Come reagiscono i cannabinoidi

Nell’organismo umano – sia a livello del sistema nervoso centrale sia a livello delle cellule del sistema immunitario come i linfociti e i macrofagi – esistono recettori che “riconoscono” i cannabinoidi. Questo perché il nostro organismo produce normalmente sostanze simili ai cannabinoidi, gli “endocannabinoidi”. Un processo simile accade del resto per gli oppiacei, farmaci usati nella terapia del dolore, che agiscono grazie all’esistenza nell’organismo di recettori per gli “oppioidi endogeni”. I cannabinoidi interagiscono con due differenti recettori (recettori CB, di tipo 1 e 2). I recettori CB1 e CB2 sono distribuiti in maniera molto differente, con i CB1 sostanzialmente concentrati nel sistema nervoso centrale (talamo e corteccia, ma anche altre strutture) ed i CB2 sostanzialmente nelle cellule del sistema immunitario. Tali recettori sono fisiologicamente attivati dagli endocannabinoidi endogeni (prodotti dall’organismo stesso), in particolare dall’anandamide, un derivato dell’acido arachidonico prodotto dal corpo umano, con effetti simili a quelli del THC.

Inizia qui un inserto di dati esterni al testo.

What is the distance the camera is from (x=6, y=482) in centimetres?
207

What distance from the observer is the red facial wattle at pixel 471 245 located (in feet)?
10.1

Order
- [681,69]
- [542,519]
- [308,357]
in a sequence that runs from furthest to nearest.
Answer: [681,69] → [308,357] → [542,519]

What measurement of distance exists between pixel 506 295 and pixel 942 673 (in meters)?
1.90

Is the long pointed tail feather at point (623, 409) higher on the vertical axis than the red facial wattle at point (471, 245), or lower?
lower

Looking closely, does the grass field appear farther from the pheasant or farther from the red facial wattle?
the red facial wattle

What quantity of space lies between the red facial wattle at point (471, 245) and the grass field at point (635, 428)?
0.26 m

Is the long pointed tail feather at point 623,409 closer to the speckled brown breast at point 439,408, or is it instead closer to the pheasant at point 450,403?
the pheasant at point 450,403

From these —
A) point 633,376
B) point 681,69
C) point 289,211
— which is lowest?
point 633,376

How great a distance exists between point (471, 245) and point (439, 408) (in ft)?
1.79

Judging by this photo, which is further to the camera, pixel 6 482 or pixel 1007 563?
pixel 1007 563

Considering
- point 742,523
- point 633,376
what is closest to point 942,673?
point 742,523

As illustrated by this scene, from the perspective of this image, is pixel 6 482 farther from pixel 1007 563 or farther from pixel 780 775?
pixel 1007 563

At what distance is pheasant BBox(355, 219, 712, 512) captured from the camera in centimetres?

L’esatto ruolo fisiologico di tali sostanze nel nostro organismo è tuttora oggetto di indagine. In condizioni sperimentali la cannabis ha dimostrato di agire favorevolmente su molti dei complessi meccanismi che determinano l’apoptosi (morte “massiva” dei neuroni), per tali motivi farmaci contenenti cannabinoidi sono stati ipotizzati per il trattamento del morbo di Parkinson, della sclerosi laterale amiotrofica, e di altre patologie che comportano una “degenerazione nervosa”, compresa la sclerosi multipla, ove esistono fenomeni di neurodegenerazione, specie quando la malattia progredisce.

È stato dimostrato, inoltre, che alcune molecole derivate dai cannabinoidi sono in grado di ridurre l’infiammazione del tessuto nervoso e la perdita di mielina nell’encefalite allergica sperimentale. Infine, un’altra azione documentata dei cannabinoidi è quella sul cosiddetto “traffico leucocitario”, cioè sulla capacità dei globuli bianchi, le cellule immuni dell’organismo, di spostarsi dentro e fuori il cervello, per iniziare o continuare il danno ai tessuti nervosi.